Dziwna to była sobota w Sochocinie. Rano okazało się, że wandale zniszczyli jedną z bramek i przez moment zagrożone było rozegranie dzisiejszego meczu pierwszej drużyny Wkry Sochocin z Pełtą Karniewo. Na szczęście piłkarskie „aluminium” udało się do doprowadzić do stanu użyteczności a miejscowi gracze mogli wykonać swoją robotę. Przed meczem stawiani byli w roli faworyta w tej rywalizacji, i z roli faworyta wywiązali się perfekcyjnie.
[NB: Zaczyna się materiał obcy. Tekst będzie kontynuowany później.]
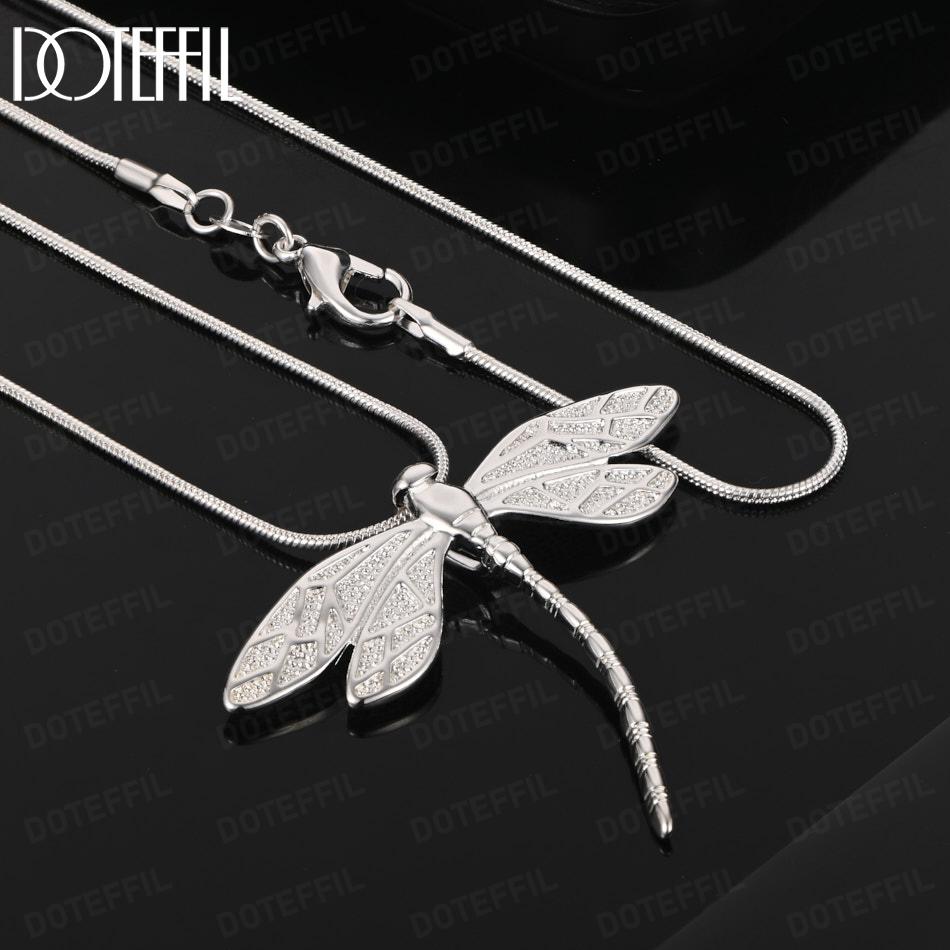 925 Sterling Silver Dragonfly Pendant Necklace Wedding Jewelry 45CM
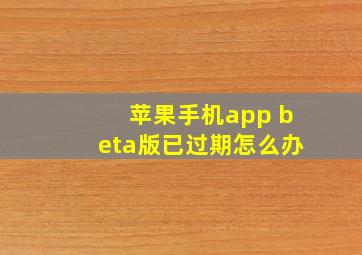 苹果手机app beta版已过期怎么办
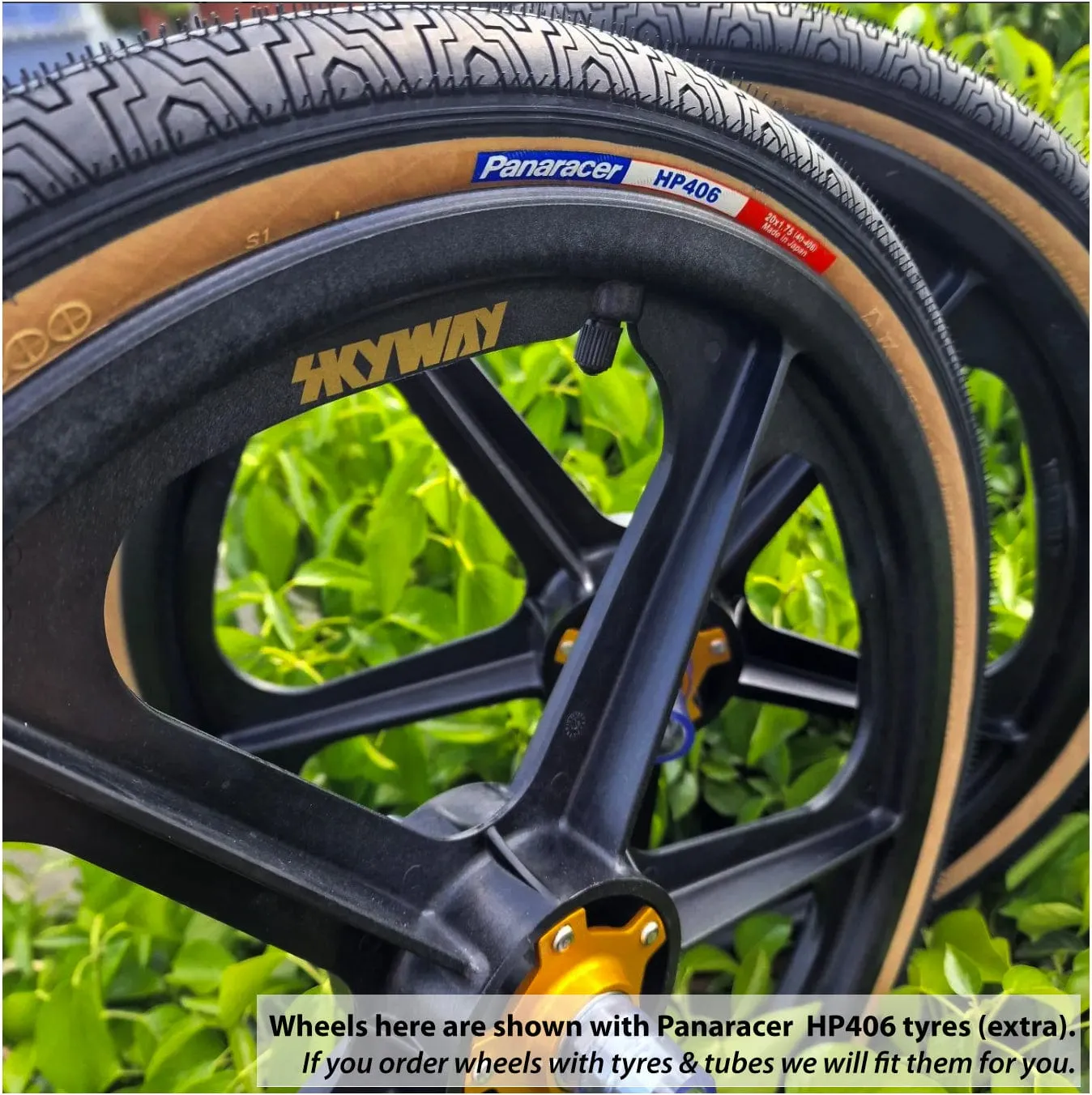 Skyway Graphite Tuff II Gold Alloy Flange Wheels 20 Inch Pair Front and Rear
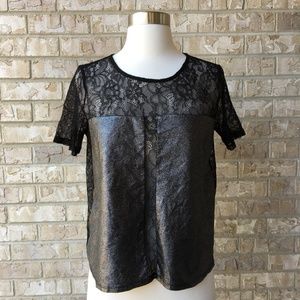 BCBGeneration Black Faux Leather Lace Crop Top S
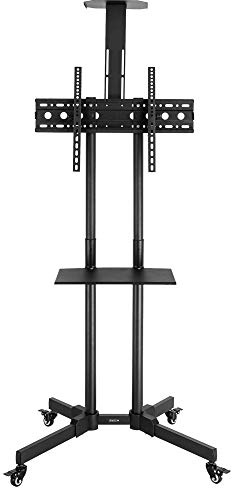 Bonnlo Mobile TV Stand,TV Mobile Cart with Shelf for 32-70 inch Plasma/LCD/LED Screen,Weight Bearing 60kg Maximum VESA 400×600 Up and Down Adjustable 15° with Pulley Tray Camera Bracket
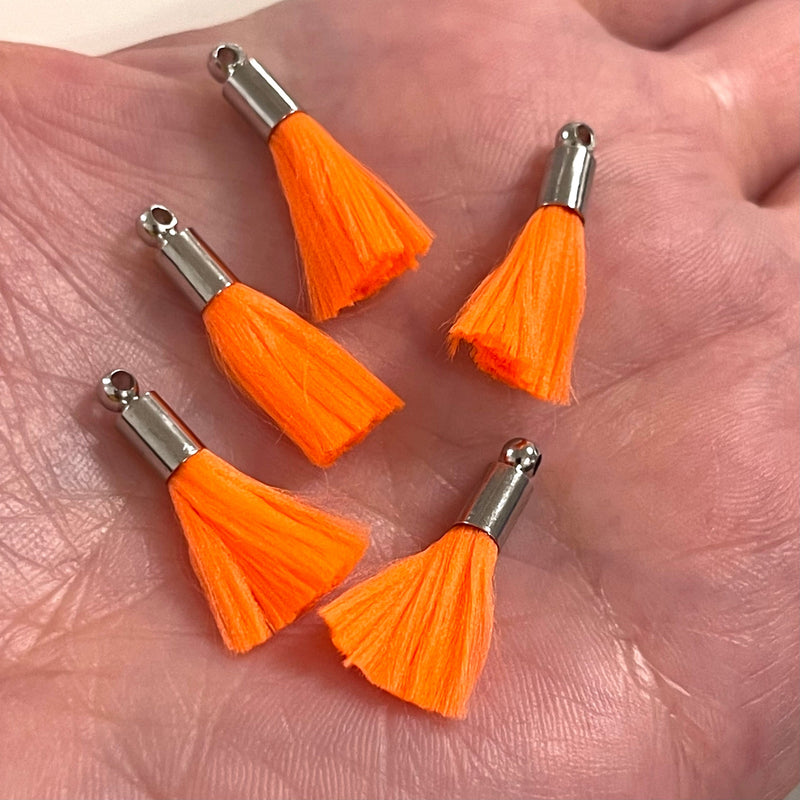 Neon Orange Mini Silk Tassels with Silver Plated Caps, 5 Tassels in a pack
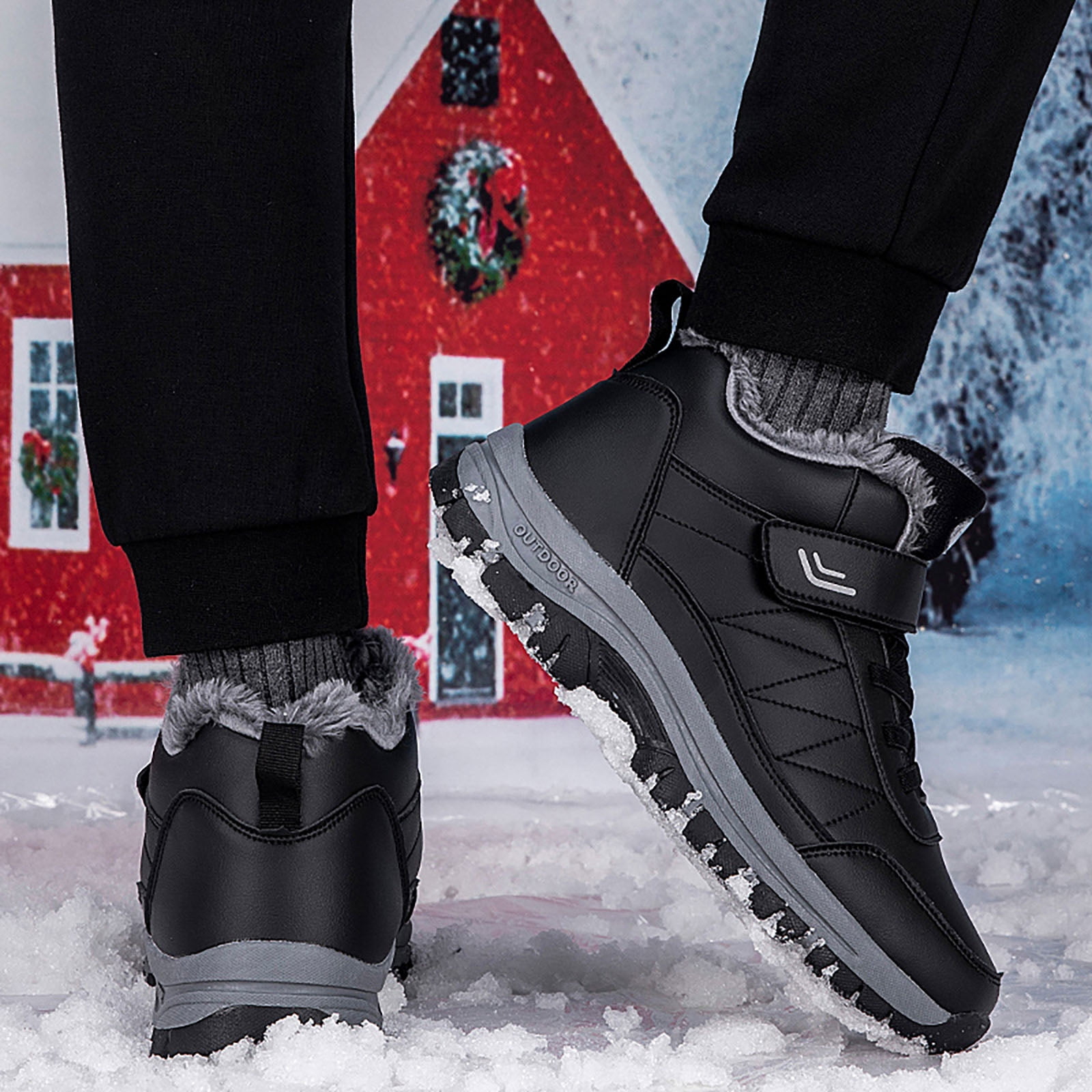Waterproof Snow Boots for Women Outdoor AntiSlip Trekking Hiking Shoes Lace up Hook and Loop Plush Lined Winter Booties Black 9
- Myśleliśmy, że będzie to łatwiejsze spotkanie, ale przeciwnik postawił trudne warunki. Mecz otworzyliśmy dopiero w drugiej połowie. Graliśmy też z przewagą jednego zawodnika a to ulatwiło zadanie. Najważniejsze są trzy punkty i kolejna wygrana u siebie - powiedział Hubert Kozłowski, strzelec jednego gola.
Skutecznie na naprawioną bramkę strzelali również: Artur Matla i Krzysztof Dzięgielewski, który spokojnie po meczu, może postawić piwo bramkarzowi rywala. Ten po strzale z wolnego kapitana Wkry, popełnił fatalny błąd, który miejscowym pozwolił wyjść na prowadzenie. Wkra Sochocin pozostaje niepokonana podczas spotkań u siebie.